Mohammad Areef, Jollu Naveen, Chennakeshavulu and Jollu Shiva, the accused in the Hyderabad gang-rape and murder, were killed by the Cyberabad Police in the wee hours of Friday, 6 December 2019. The Hyderabad encounter, which obviously points towards a staged, cold-blooded murder of four men by the state without caring for a trial, got massive public support. Actually, this killing polarised the country, once more, in two antagonistic camps. On one hand, we have those who support the extra-judicial murder by the state calling it “swift justice” and endorse the concept of mobocracy, while on the other hand, are the minority, who oppose extra-judicial executions.

On papers, the Indian state, born from the womb of British colonial rule, follows the anglo-saxian principle of the accusatory system, which gives the benefit of the doubt to the accused until proven guilty and also provides them with step-by-step appeal opportunities to weed out chances of legal mishaps that may cause severe injustice to an innocent. Each case is driven to its conclusion — at least on papers — through the usage of evidence and witnesses, which can support or oppose a statement. 

In this process, the sole role of the police is to maintain law and order, prevent crimes, arrest criminals if a crime is committed and then investigate the crime to strengthen the prosecution’s case in proving a crime. The police, can’t be the judge of a crime or the executioner, and if it crosses the line, then, as an institution, it remains no more one that’s maintaining law and order or protecting people’s lives, but one that’s rogue, beyond the law and a terrorist organisation. 

Even though the idea of killing any accused looks an easy way out in a country like India, where millions of criminal cases are pending in different stages of justice, any act like the Hyderabad encounter is a crime as they undermine the rule of law, the Constitution’s guarantee of life to each citizen and makes the police, already notorious for its corrupt character and extortionist tendencies, become a draconian organisation. 
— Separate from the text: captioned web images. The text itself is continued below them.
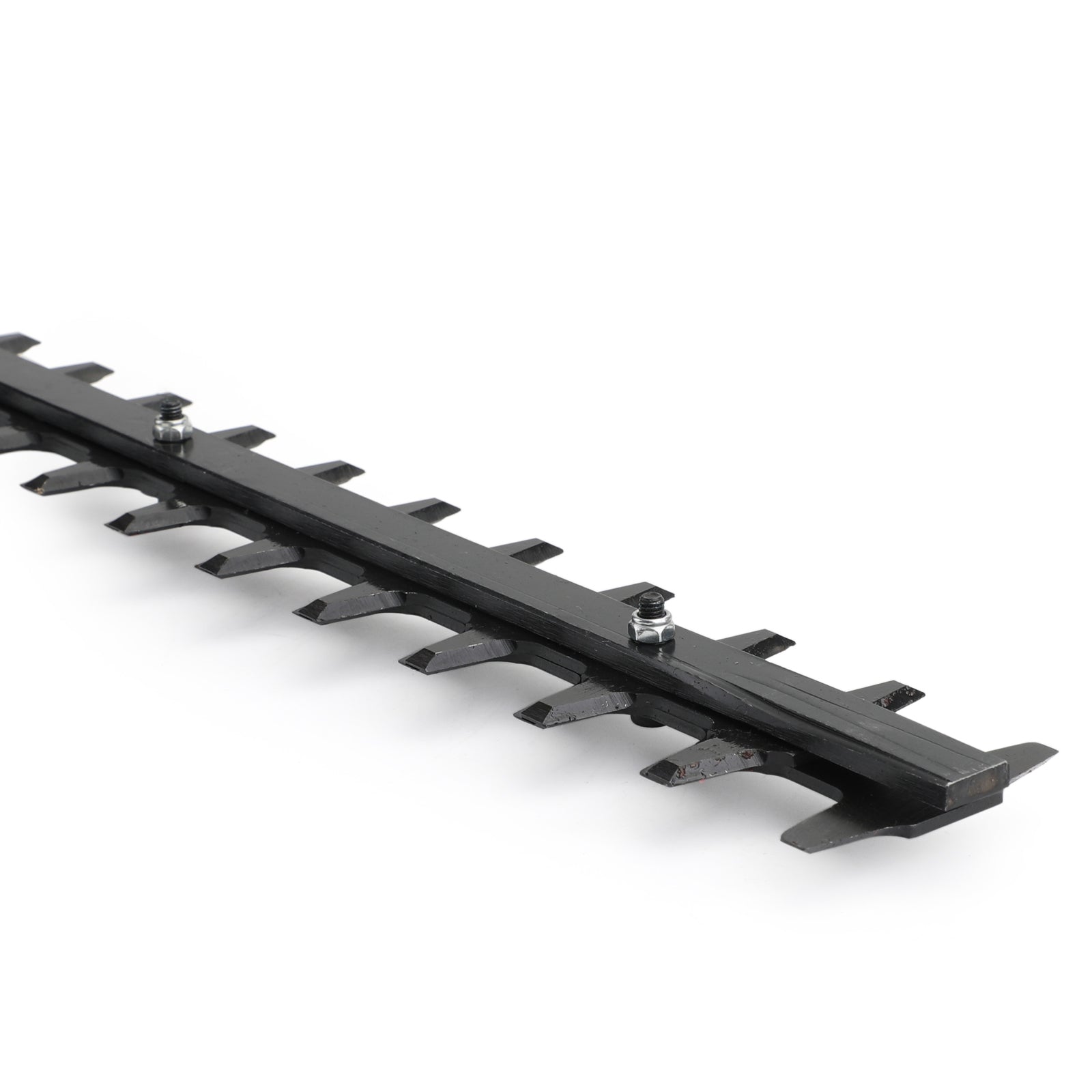 Nożyce do żywopłotu 24-calowe ostrze dwustronne Gazowe nożyce do żywopłotu o pojemności 26 cm3 Odrzutowe ostrze gazowe do przycinania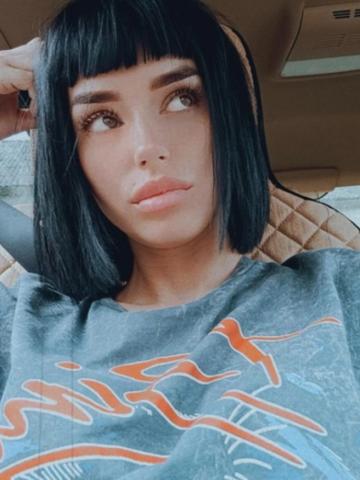 Виктория фото 2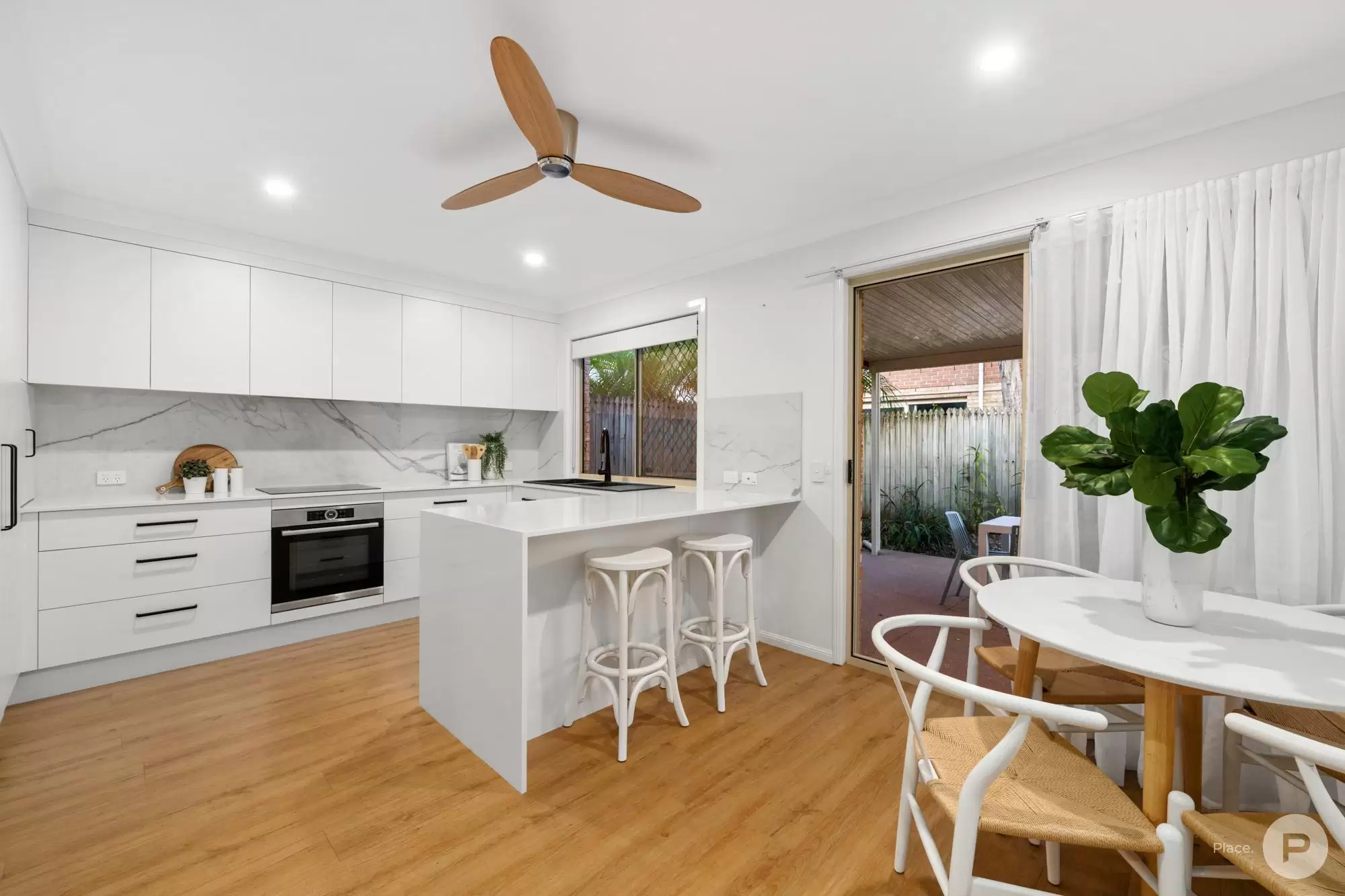 59/106 Jean Street, Grange Sold by Aurora Property - image 5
The Hyderabad encounter helped the Telangana Police to build rapport with the hyper-masculine and patriarchal forces. Thousands of people came out on the streets to hail the Telangana Police and even showered petals on the force. Such an unprecedented show of support for the police, which clearly violated laws and punished four men whose crime wasn’t proven in the court, actually bolstered the courage of the men in uniform to gun down more random people in the future, accusing them of anything or everything. 

No one questioned the validity of the police claim that these four men, killed in the Hyderabad encounter, near Chatanpally on the outskirts of Shadnagar town, where they allegedly burned the body of the victim, were actually the culprits. The Cyberabad Police, after refusing to lodge an FIR when the family members of the victim approached them after they couldn’t contact her, suddenly became so proactive and efficient that they not only closed the case in few hours by arresting these four, who were truck drivers and cleaners, from marginalised communities and extremely poor backgrounds but also proved the case? 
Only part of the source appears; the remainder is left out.